From the first line to the last, retype the records exactly and skip the pictures.

%%

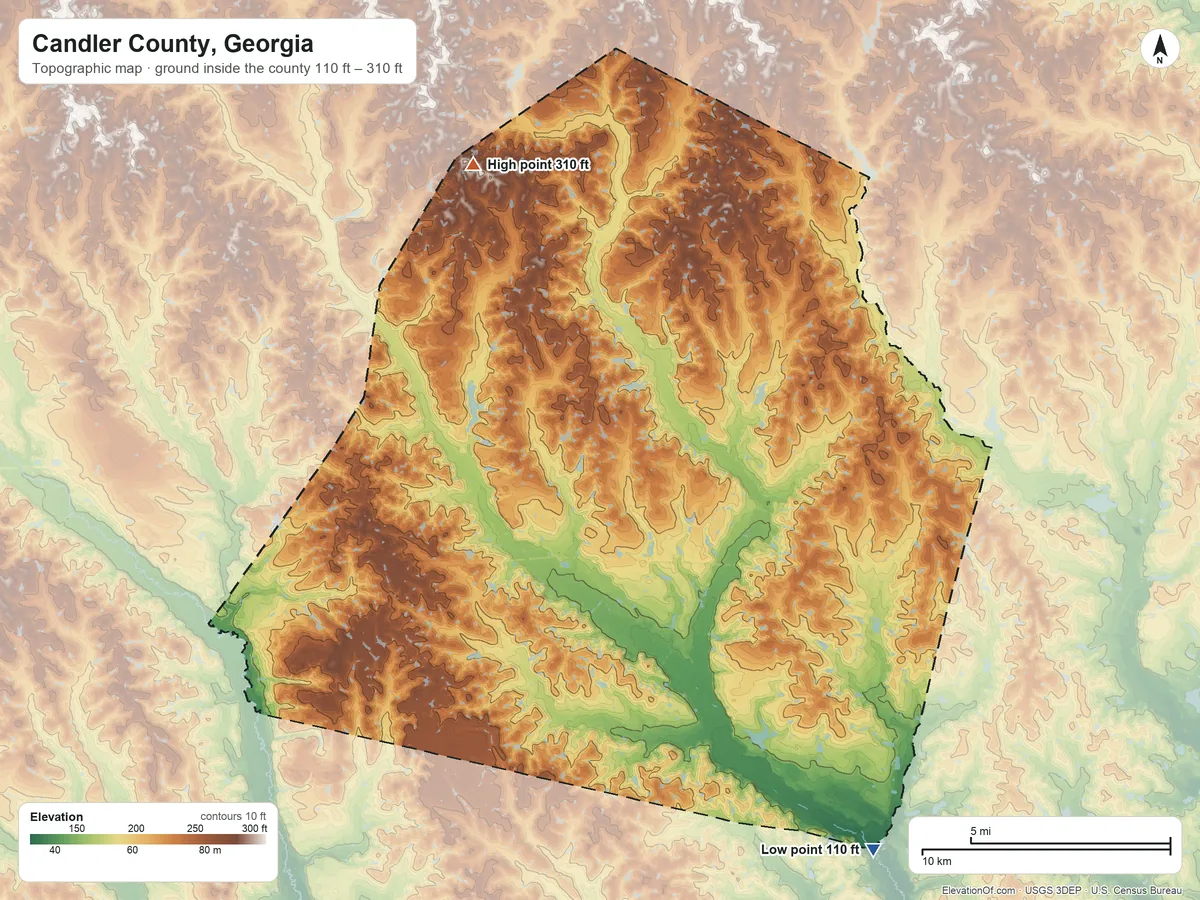 Topographic elevation map of Candler County, Georgia, shaded from 110 ft on the southeast side to 310 ft on the northwest side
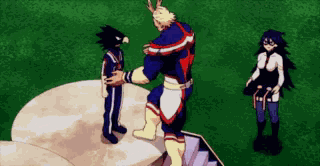 Tokoyami Fumikage Dad Hug By All Might Toshinori Idk My Hero Boku Academia GIF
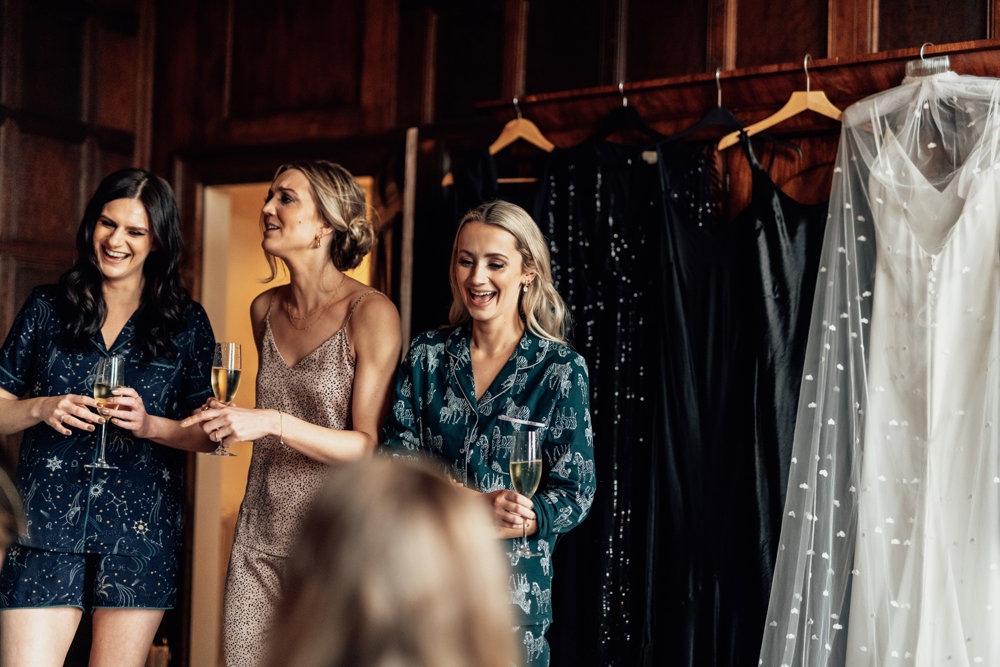 Post Christmas party wedding in black tie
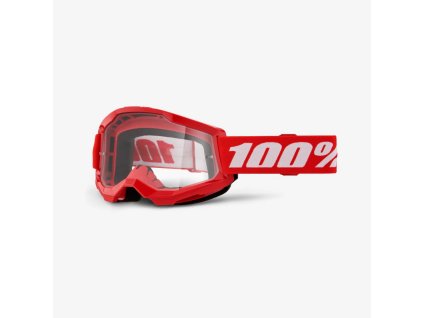 100% Okuliare Strata 2 – červené/biele, číre sklo
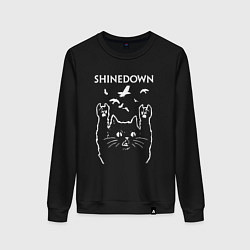 Свитшот хлопковый женский Shinedown Рок кот, цвет: черный
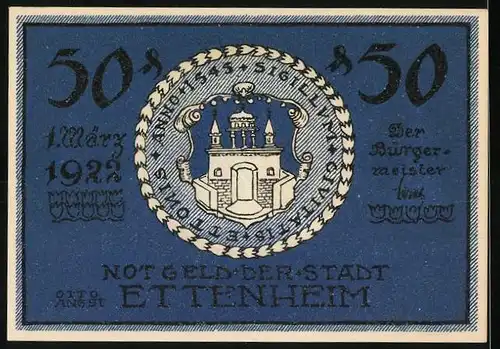Notgeld Ettenheim 1922, Silhouette des Herzogs von Enghien, Wappen, der Tod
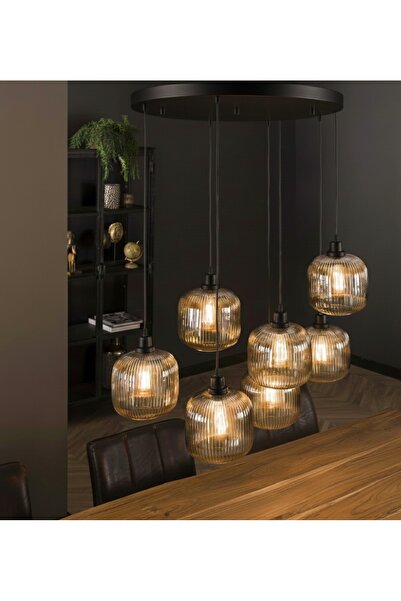 demet habek mylights Yedili Bal Cam 7’li Amber Cam Sarkıt Tavan Avize Modern ...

%%

◆ Exercise response
 Topographic elevation map of Candler County, Georgia, shaded from 110 ft on the southeast side to 310 ft on the northwest side
 Tokoyami Fumikage Dad Hug By All Might Toshinori Idk My Hero Boku Academia GIF
 Post Christmas party wedding in black tie
 100% Okuliare Strata 2 – červené/biele, číre sklo
 Свитшот хлопковый женский Shinedown Рок кот, цвет: черный
Notgeld Ettenheim 1922, Silhouette des Herzogs von Enghien, Wappen, der Tod
 demet habek mylights Yedili Bal Cam 7’li Amber Cam Sarkıt Tavan Avize Modern ...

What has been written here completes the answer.